HealthDay News – Treatment with the sodium glucose cotransporter 2 (SGLT2) inhibitor canagliflozin reduces the rate of kidney disease progression among participants with an estimated glomerular filtration rate (eGRF) less than 30mL/min/1.73m2, according to a study published online November 19 in the Clinical Journal of the American Society of Nephrology.
George Bakris, MD, from the University of Chicago Medicine, and colleagues conducted a post-hoc analysis to examine the impact of canagliflozin among CREDENCE trial participants with eGRF less than 30mL/min/1.73m2 at randomization. Data were included for 174 of 4401 participants (4%) with eGFR less than 30mL/min/1.73m2.
The researchers observed a 66% difference in the mean rate of eGFR decline from weeks 3 to 130 with canagliflozin vs placebo (mean slopes, –1.30 vs –3.83mL/min/1.73m2/year). For those with less than 30 and greater than or equal to 30 mL/min/1.73 m2, the effects of canagliflozin were consistent on kidney, cardiovascular, and mortality outcomes (all P interaction greater than 0.20). The estimate for kidney failure was similar for participants with eGFR less than 30 and greater than or equal to 30 mL/min/1.73m2 (P =.80). The rate of kidney-related adverse events or acute kidney injury associated with canagliflozin was not imbalanced between participants with eGFR less than 30 and greater than or equal to 30 mL/min/1.73 m2 (P >.12).

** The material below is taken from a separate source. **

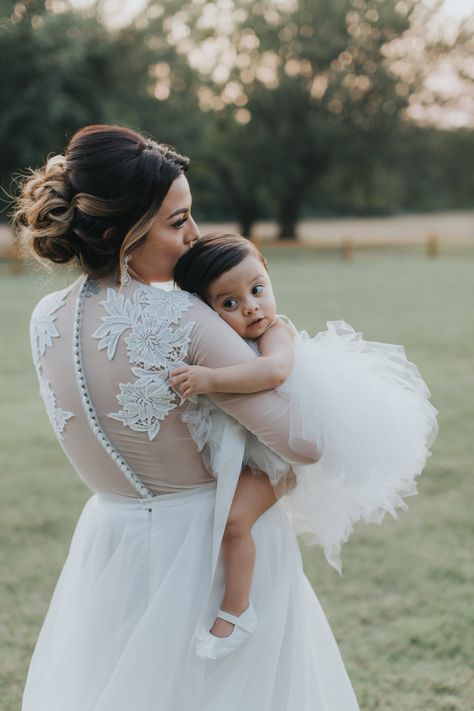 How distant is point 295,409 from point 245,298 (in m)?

“These results support the use and continuation of SGLT2 inhibitor treatment even in patients with eGFR less than 30mL/min/1.73m2 until the commencement of maintenance dialysis or receipt of a kidney transplant, and clinicians should consider this when discussing treatment options for patients with low eGFR,” the authors write.
Several authors disclosed financial ties to pharmaceutical companies, including Janssen Research & Development, which sponsored the CREDENCE trial and developed canagliflozin in collaboration with Mitsubishi Tanabe Pharma Corporation.